February 12, 2020
Location: 112 Wurster Hall
Julie Beagle is SFEI’s Deputy Program Director of the Resilient Landscapes Program, and a lead scientist for the organization’s climate adaptation efforts. Her work focuses on adaptation to sea level rise using nature-based strategies, and integrating science and policy to provide short and long-term adaptation pathways for use in planning processes. She developed the Operational Landscape Unit project as a way to facilitate integrated regional shoreline adaptation strategies. She is also focused on piloting new shoreline infrastructure adaptation strategies. She has led multiple projects and focus areas at SFEI, including restoration work in the Sacramento-San Joaquin River Delta, and advancing the science of riparian habitats, including Sycamore Alluvial Woodlands.
Julie joined SFEI in 2010 as a geomorphologist, with a focus on fluvial and tidal geomorphic processes in the San Francisco Bay Delta watershed. Previously, Julie worked at the California Land Stewardship Institute and served as a U.S. Peace Corps Volunteer in agroforestry in West Africa. She has a bachelor of arts in history and environmental science from the Barnard College of Columbia University, and a Master of Landscape Architecture with an emphasis in environmental planning from the University of California at Berkeley.
February 26, 2020
Location: 112 Wurster Hall
Ecological Planting Revolution: Can Landscape Architecture Meet the Needs of a World in Crisis?

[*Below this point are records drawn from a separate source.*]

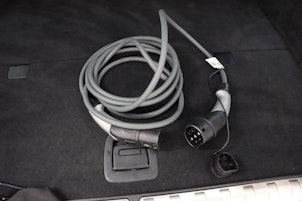 Vehicle image BMW X5 45e xDrive SAG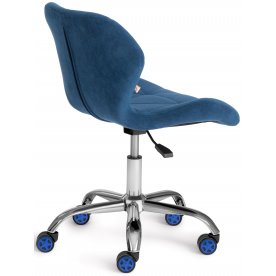 Компьютерное кресло Selfi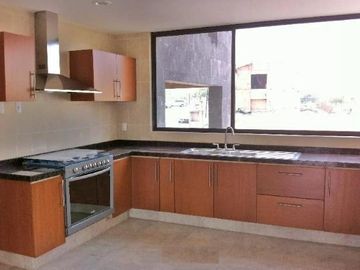 CASA VILLA TOSCANA BALVANERA CORREGIDORA QUERETARO
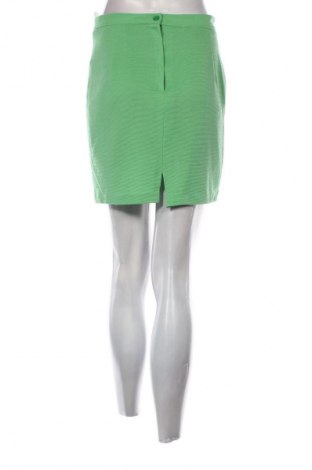 Rock Unbranded, Größe M, Farbe Grün, Preis € 7,99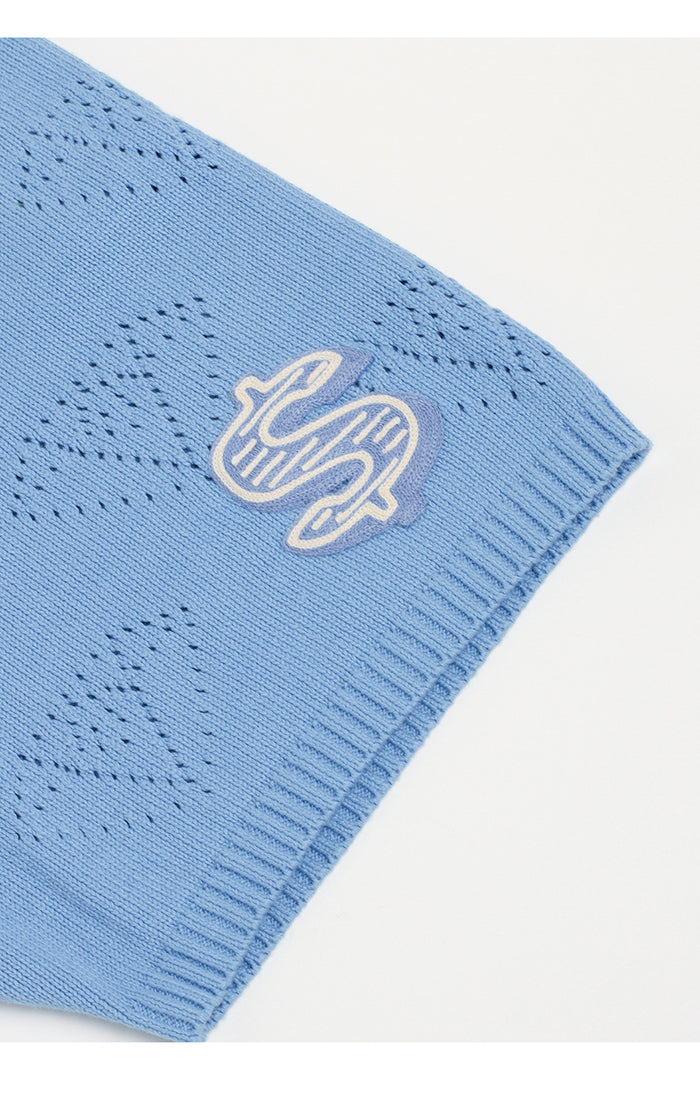 Billionaire Boys Club Shorts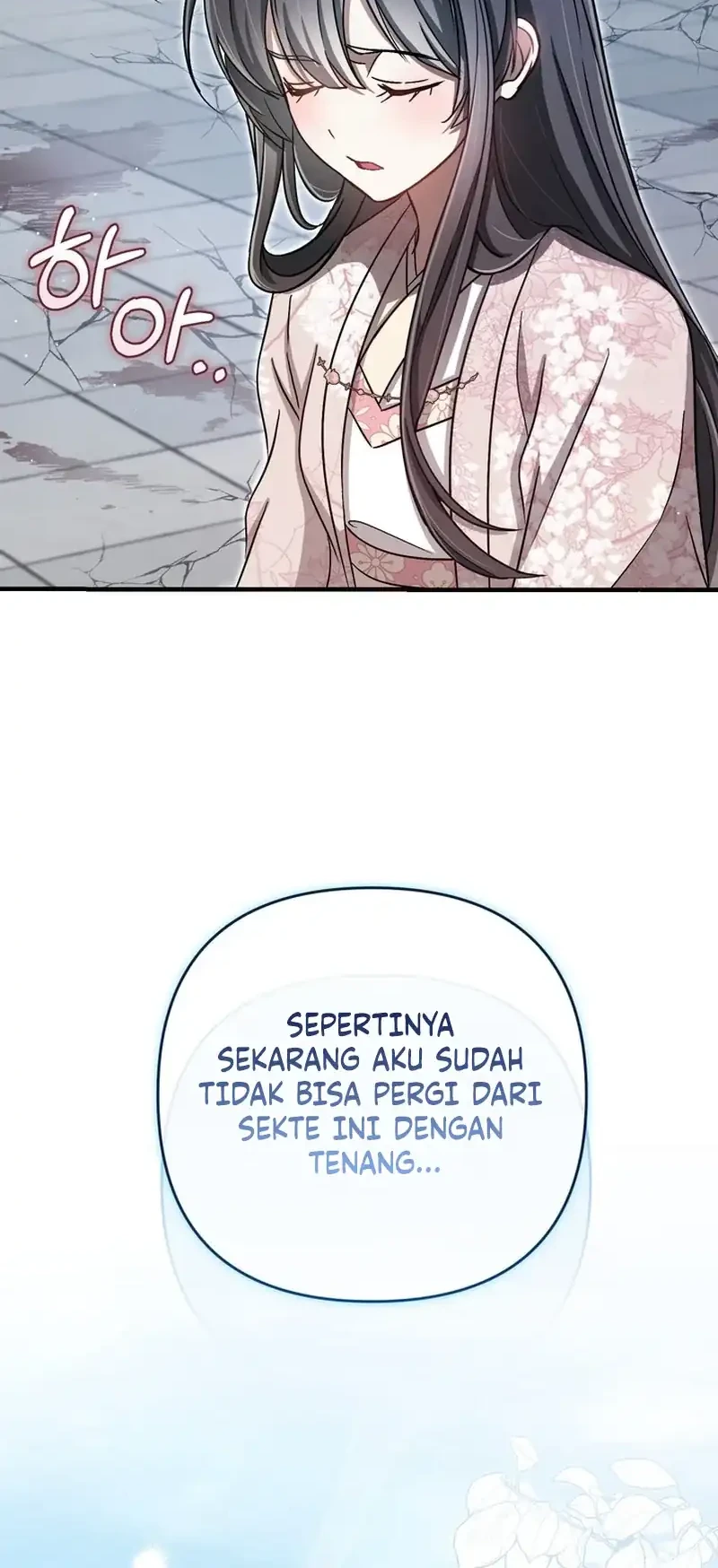 Chapter 29 - halaman 21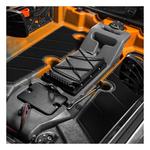 Old Town Sportsman 106 Powered by Minn Kota Kayak - Thumbnail 4 of 10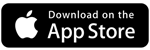 apple-app-img
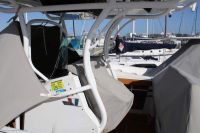 Image for 2019 Wellcraft 262 Centre Console 34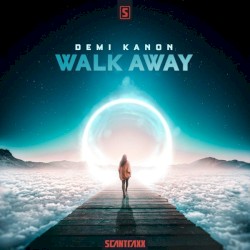 Walk Away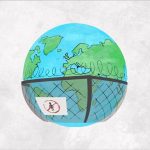 Image-couverture-article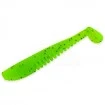 Силиконови примамки Formax Blaze Shad 7.5см, 7 бр., цвят 28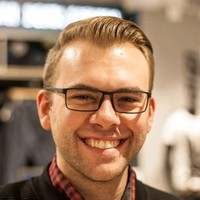 Julian Pöhlert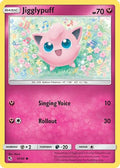Jigglypuff (41) [Hidden Fates]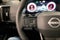 2026 Nissan Pathfinder SL 4WD - Premium, Captain Chairs, Cargo Pkgs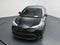 2021 Toyota C-HR Nightshade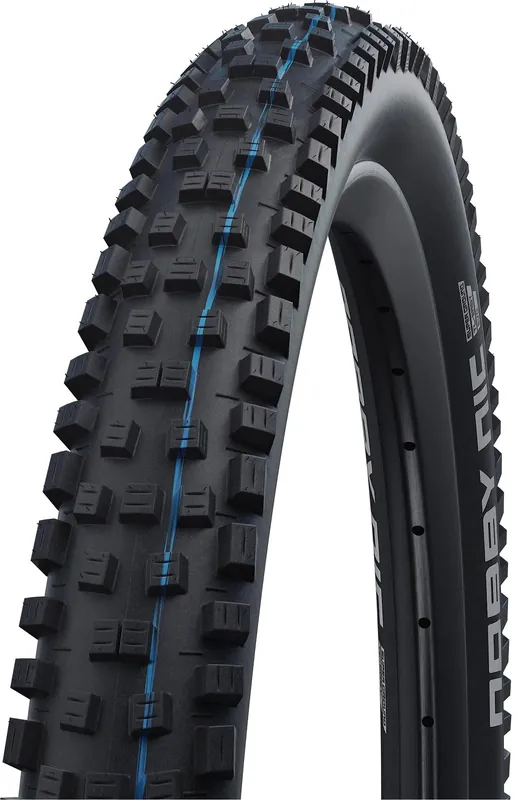 Schwalbe Nobby Nic Evolution Line Reifen 26 Zoll schwarz Saisonangebot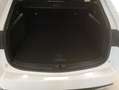 Toyota Corolla Touring Sports 200H Style Wit - thumbnail 10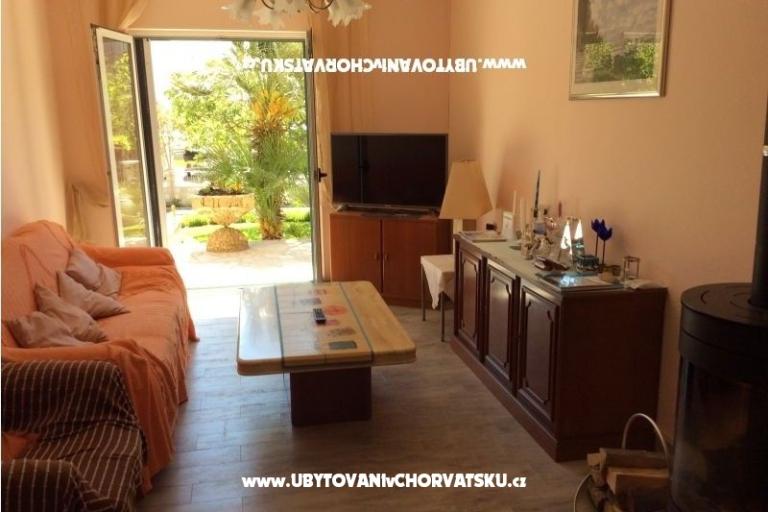Villa Cilic  – foto 5
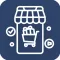 Mobile App For Magento 2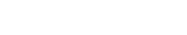 Блог платформа для создания и публикации статей и контента - Choise Media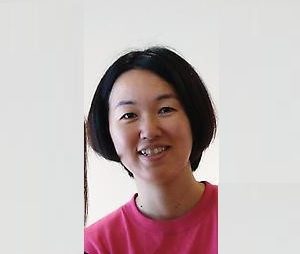 photo:江口志保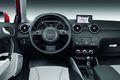 2011-Audi-A1-15small.jpg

In the era of climate change and species extinction, the need for functional ecological planting in cities has never been greater. Yet the profession best poised to deliver those solutions—landscape architecture—possesses a profound illiteracy when it comes to plants, vegetative systems, and ecological land management. If the promise of green cities cannot be delivered without plant systems, this prompts the question: should ecological planting design be a separate profession from landscape architecture? Or can a renewed focus on ecological plant systems rejuvenate landscape architecture?
Thomas Rainer is a landscape architect, teacher, and author living in Washington, D.C. Thomas is a leading voice in ecological landscape design and has designed landscapes for the U.S. Capitol grounds, the Martin Luther King, Jr. Memorial, and The New York Botanical Garden, as well as over 100 gardens from Maine to Florida. His work has been featured in numerous publications, including The New York Times, Landscape Architecture Magazine, The Washington Post, The Chicago Tribune, and Architectural Digest. He is a celebrated public speaker who has garnered acclaim for his passionate presentations to audiences across the U.S. and in Europe. Thomas serves as a Principal for the landscape architectural and consulting firm Phyto Studio, teaches planting design for George Washington University, and recently co-authored the award-winning book Planting in a Post-Wild World with Claudia West.